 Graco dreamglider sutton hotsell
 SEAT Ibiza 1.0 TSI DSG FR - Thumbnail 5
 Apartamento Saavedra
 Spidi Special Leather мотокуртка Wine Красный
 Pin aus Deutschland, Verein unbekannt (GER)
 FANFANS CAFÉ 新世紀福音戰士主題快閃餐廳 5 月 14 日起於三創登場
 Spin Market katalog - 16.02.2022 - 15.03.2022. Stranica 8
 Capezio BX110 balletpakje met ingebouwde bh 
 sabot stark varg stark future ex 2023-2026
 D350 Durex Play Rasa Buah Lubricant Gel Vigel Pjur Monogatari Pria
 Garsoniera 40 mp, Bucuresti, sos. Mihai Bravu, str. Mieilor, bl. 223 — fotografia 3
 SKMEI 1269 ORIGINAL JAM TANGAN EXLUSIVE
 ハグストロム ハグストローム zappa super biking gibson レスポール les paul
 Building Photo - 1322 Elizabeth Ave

---

**WHAT TO WORK ON:** The records above need copying. Do it exactly.

**TASK RESULT:**
 Graco dreamglider sutton hotsell
 SEAT Ibiza 1.0 TSI DSG FR - Thumbnail 5
 Apartamento Saavedra
 Spidi Special Leather мотокуртка Wine Красный
 Pin aus Deutschland, Verein unbekannt (GER)
 FANFANS CAFÉ 新世紀福音戰士主題快閃餐廳 5 月 14 日起於三創登場
 Spin Market katalog - 16.02.2022 - 15.03.2022. Stranica 8
 Capezio BX110 balletpakje met ingebouwde bh 
 sabot stark varg stark future ex 2023-2026
 D350 Durex Play Rasa Buah Lubricant Gel Vigel Pjur Monogatari Pria
 Garsoniera 40 mp, Bucuresti, sos. Mihai Bravu, str. Mieilor, bl. 223 — fotografia 3
 SKMEI 1269 ORIGINAL JAM TANGAN EXLUSIVE
 ハグストロム ハグストローム zappa super biking gibson レスポール les paul
 Building Photo - 1322 Elizabeth Ave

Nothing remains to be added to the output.